У Андре в груди закипела ярость. Прямо убить хочется эту девчонку! Над ней насмеялись, надругались, ее втоптали в грязь, а она, видите ли, заявляет, что ей не везет! Только и всего… Какая скромность…
– А что же с твоим отцом? – спросил он и почти хотел услышать что-нибудь страшное, лишь бы вывести ее из равновесия, лишь бы она расплакалась, возмутилась – что угодно!
– Папа в Германии. Мы отправляем ему посылки, это разрешено… Но доходят ли они, мы так и не знаем.
Она мужественно продолжала стоять и пыталась хоть немножко навести порядок на прилавке. Ногти у нее слишком отросли и цепляли шелк блузки, которую она складывала, чтобы сунуть обратно в коробку, а бескровные пальцы казались еще длиннее. Неизвестно почему, Андре представилась картофелина, пустившая ростки… Обычно Иветта коротко стригла свои густые черные волосы; теперь же они падали на шею неровными, жесткими, прямыми прядями. И сама она тоже словно выросла; голые ноги, худые, бледные, покрытые черными волосами, стали невероятно длинными.
Иветта теперь слегка сутулилась, отчего грудь казалась впалой. Улыбка ее поражала по-прежнему, но только потому, что была совсем неуместна на таком лице.
– Я тоже получил направление в Германию, – сказал Деде, чуть приоткрыв завесу над своей жизнью, – и потому смываюсь.
– А куда?
– Адрес я не намерен оставлять! – Деде громко захохотал. – Я бы охотно прихватил и тебя, но маки – неподходящее место для больных дам. Впрочем, ты-то и в Германию поехала бы безропотно…

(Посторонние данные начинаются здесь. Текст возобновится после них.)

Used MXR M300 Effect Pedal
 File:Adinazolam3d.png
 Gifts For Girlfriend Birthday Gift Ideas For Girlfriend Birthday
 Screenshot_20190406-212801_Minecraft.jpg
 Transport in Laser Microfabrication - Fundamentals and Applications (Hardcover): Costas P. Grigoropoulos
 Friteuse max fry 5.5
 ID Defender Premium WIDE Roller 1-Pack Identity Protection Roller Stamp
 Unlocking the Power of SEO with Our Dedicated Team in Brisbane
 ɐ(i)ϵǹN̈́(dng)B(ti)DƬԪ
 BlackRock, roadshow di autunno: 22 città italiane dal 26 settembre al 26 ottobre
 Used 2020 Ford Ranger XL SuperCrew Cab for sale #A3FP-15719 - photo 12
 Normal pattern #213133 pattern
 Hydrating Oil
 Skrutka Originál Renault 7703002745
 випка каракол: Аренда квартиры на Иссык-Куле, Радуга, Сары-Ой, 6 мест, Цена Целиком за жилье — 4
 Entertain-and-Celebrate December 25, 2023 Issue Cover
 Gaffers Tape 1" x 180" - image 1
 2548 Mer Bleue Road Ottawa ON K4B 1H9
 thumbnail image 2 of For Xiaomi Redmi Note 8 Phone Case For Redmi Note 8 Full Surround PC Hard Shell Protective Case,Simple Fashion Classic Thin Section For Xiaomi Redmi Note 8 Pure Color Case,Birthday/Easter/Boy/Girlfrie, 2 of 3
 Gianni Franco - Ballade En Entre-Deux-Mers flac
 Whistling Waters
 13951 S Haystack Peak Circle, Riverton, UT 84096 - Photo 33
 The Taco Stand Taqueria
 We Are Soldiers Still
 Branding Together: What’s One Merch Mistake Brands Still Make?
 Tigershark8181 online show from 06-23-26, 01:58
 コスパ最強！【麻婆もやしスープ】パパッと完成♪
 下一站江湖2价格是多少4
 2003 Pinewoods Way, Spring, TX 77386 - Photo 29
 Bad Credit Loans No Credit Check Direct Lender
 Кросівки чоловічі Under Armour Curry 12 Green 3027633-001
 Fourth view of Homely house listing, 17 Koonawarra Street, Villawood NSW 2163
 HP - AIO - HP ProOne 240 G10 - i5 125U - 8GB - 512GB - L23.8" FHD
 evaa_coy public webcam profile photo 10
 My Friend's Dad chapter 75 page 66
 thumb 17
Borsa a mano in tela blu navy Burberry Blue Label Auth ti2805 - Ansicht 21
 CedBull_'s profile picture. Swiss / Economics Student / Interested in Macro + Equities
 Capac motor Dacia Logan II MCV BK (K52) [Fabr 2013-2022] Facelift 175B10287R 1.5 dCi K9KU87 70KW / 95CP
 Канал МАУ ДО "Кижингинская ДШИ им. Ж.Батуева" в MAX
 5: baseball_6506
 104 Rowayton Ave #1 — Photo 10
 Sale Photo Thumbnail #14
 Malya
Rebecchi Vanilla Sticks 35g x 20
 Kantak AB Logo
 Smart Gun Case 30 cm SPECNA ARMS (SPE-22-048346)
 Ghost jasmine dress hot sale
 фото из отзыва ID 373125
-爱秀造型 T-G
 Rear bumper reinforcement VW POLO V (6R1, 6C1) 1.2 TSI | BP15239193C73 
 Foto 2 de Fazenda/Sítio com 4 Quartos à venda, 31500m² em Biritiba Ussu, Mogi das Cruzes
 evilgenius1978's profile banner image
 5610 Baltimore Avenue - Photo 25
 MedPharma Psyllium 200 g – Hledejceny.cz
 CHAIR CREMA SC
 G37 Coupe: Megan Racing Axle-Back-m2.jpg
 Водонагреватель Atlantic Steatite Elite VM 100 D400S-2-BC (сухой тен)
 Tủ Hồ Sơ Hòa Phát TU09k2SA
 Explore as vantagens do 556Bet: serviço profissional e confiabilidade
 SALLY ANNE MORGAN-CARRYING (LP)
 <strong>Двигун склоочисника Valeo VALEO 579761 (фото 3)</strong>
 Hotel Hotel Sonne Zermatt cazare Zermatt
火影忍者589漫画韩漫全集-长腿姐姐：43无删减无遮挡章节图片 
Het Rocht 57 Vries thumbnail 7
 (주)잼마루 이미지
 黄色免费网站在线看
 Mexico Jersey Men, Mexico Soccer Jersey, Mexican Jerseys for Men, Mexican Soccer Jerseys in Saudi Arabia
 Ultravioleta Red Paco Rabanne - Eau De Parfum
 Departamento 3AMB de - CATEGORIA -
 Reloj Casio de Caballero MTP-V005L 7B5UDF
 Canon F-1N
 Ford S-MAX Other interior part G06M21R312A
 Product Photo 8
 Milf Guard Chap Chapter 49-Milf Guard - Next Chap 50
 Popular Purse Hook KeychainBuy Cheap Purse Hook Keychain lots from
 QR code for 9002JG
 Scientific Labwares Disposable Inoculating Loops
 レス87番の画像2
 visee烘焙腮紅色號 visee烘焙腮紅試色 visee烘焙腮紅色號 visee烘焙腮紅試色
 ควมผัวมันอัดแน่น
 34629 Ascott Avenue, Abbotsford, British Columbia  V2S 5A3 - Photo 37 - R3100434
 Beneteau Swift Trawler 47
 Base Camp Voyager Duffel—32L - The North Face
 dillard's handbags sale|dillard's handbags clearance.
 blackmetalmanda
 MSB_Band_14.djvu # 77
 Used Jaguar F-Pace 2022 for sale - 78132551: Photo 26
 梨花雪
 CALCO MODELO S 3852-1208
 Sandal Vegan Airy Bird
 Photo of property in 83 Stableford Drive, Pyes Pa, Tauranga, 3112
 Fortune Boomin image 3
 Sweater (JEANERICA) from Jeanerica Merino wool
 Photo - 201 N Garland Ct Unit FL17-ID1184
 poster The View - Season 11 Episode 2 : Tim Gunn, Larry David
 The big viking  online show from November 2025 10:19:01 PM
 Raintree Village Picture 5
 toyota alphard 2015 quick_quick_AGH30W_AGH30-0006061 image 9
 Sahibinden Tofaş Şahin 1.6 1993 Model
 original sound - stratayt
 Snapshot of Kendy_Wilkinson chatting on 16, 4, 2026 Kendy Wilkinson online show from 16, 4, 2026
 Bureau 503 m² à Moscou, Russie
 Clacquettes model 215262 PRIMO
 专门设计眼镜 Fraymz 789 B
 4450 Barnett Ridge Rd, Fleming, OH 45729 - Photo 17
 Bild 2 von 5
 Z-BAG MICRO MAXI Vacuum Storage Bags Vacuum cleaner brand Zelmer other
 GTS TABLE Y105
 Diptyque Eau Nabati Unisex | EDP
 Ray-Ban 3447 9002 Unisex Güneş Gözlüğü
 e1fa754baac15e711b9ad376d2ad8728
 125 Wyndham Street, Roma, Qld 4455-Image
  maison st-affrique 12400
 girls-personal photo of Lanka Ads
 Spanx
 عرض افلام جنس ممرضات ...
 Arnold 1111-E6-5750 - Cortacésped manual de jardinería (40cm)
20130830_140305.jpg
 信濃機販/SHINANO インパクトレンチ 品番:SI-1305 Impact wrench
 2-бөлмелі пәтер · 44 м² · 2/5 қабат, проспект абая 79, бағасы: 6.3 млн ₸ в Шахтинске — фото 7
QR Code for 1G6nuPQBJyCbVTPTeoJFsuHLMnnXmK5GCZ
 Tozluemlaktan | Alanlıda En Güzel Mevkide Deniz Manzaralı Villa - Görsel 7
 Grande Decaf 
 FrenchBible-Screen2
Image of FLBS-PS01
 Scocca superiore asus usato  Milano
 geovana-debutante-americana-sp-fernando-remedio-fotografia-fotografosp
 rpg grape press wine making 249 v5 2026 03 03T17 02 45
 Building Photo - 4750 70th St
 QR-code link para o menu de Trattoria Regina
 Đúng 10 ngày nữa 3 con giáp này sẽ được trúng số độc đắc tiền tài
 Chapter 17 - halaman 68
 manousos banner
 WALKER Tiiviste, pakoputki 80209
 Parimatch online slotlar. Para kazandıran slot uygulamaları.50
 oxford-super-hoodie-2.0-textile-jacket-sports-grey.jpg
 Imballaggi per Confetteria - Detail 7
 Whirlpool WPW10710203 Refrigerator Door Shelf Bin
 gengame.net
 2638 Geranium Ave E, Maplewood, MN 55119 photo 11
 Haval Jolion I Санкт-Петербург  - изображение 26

Он поцеловал руку мадам Валлон, а Иветте по-военному отдал честь.
Вернулся он уже зимой, в самый разгар зимы.
– Как живешь, Иветта?
В магазине по-прежнему был беспорядок.
– Хочешь пройтись по парку?
– Конечно, хочу!
Она уже сбросила старенький джемпер и надела черное суконное пальто с меховым воротником. Она всегда влезала в пальто, подняв обе руки кверху, как мальчишка, не ожидая, чтобы ей помогли.
Спустившись с последних ступенек большой белой лестницы, Иветта спросила:
– У тебя все еще нет адреса?
– Нет… А ты знаешь что-нибудь об отце?
– Было только одно письмо, сразу после его приезда в Германию. Он в Берлине, работает по специальности, портным. Это-то хорошо. Но он во что бы то ни стало требует теплых вещей и еды… Мы посылаем, что можем.
– Вам удается достать все, что нужно? А то ребята из маки подкинут вам чего-нибудь!
– Нет, на черном рынке достать можно. Но только до папы ничего не доходит.